Task
From the first line to the last, print the records exactly, leaving out the pictures.

Records to process
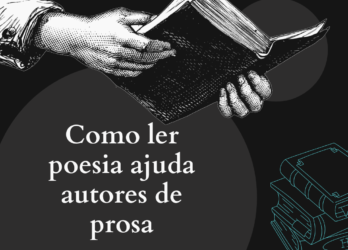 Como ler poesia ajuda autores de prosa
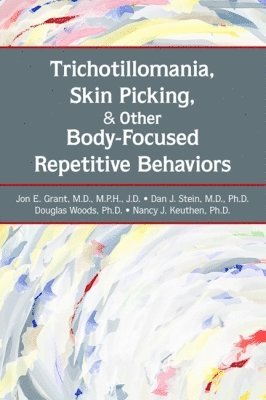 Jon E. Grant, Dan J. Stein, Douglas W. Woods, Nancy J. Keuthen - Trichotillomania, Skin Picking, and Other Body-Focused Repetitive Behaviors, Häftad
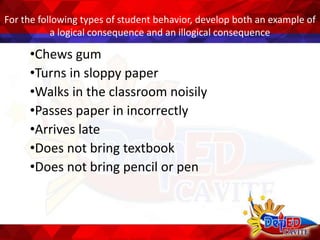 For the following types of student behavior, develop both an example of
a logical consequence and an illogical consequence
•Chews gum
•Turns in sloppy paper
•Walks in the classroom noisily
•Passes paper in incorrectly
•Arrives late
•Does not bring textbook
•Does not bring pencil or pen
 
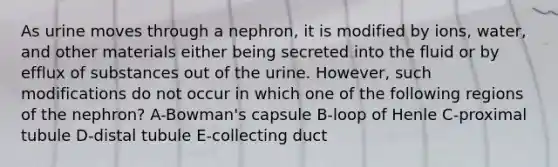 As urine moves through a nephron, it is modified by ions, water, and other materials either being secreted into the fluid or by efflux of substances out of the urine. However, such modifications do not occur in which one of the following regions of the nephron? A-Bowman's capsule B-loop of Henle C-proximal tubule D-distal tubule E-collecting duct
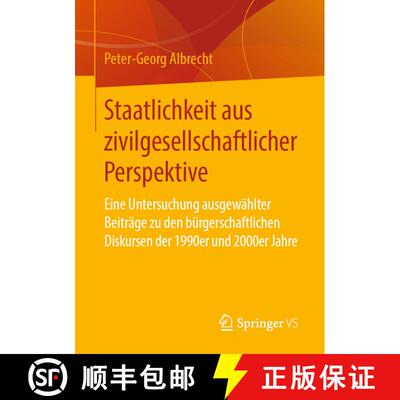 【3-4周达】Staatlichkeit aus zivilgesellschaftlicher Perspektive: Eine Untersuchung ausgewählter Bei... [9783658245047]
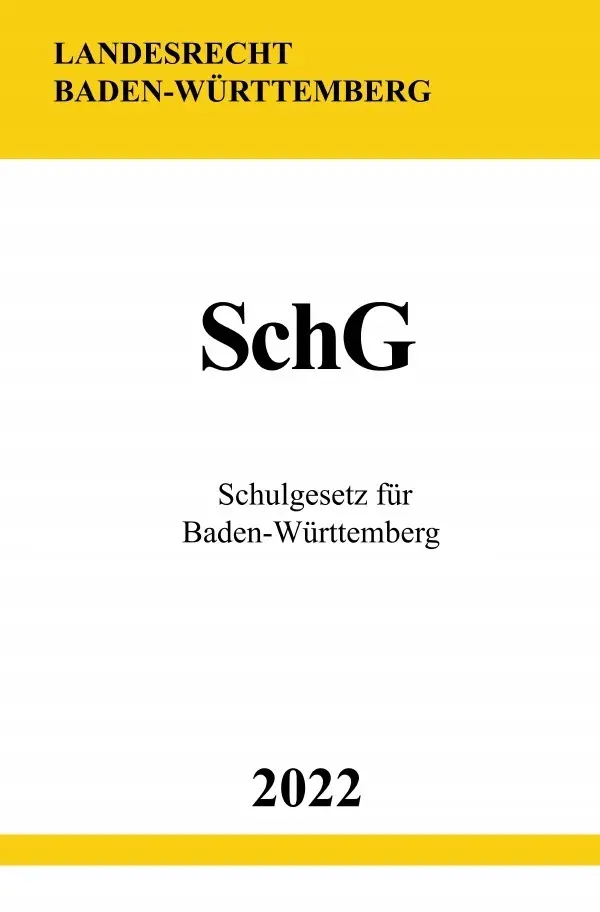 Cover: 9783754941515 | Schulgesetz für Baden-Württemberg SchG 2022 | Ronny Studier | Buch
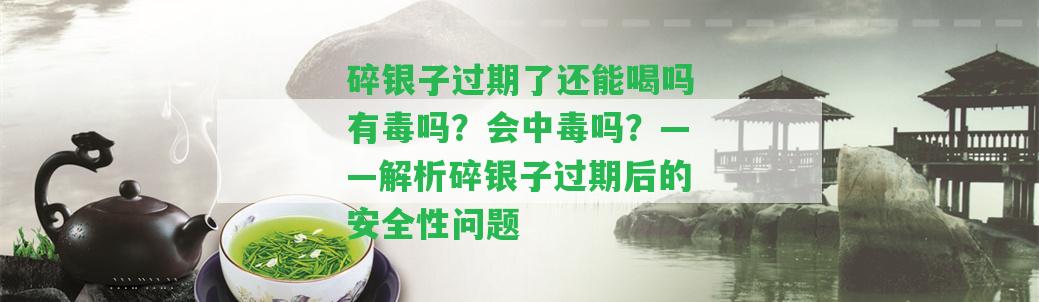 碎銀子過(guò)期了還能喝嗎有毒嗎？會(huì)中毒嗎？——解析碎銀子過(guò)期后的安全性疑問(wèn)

Output
 Como ler poesia ajuda autores de prosa
 Jon E. Grant, Dan J. Stein, Douglas W. Woods, Nancy J. Keuthen - Trichotillomania, Skin Picking, and Other Body-Focused Repetitive Behaviors, Häftad
 For the following types of student behavior, develop both an example of
a logical consequence and an illogical consequence
•Chews gum
•Turns in sloppy paper
•Walks in the classroom noisily
•Passes paper in incorrectly
•Arrives late
•Does not bring textbook
•Does not bring pencil or pen
 
 As urine moves through a nephron, it is modified by ions, water, and other materials either being secreted into the fluid or by efflux of substances out of the urine. However, such modifications do not occur in which one of the following regions of the nephron? A-Bowman's capsule B-loop of Henle C-proximal tubule D-distal tubule E-collecting duct
 【3-4周达】Staatlichkeit aus zivilgesellschaftlicher Perspektive: Eine Untersuchung ausgewählter Bei... [9783658245047]
 Cover: 9783754941515 | Schulgesetz für Baden-Württemberg SchG 2022 | Ronny Studier | Buch
 碎銀子過(guò)期了還能喝嗎有毒嗎？會(huì)中毒嗎？——解析碎銀子過(guò)期后的安全性疑問(wèn)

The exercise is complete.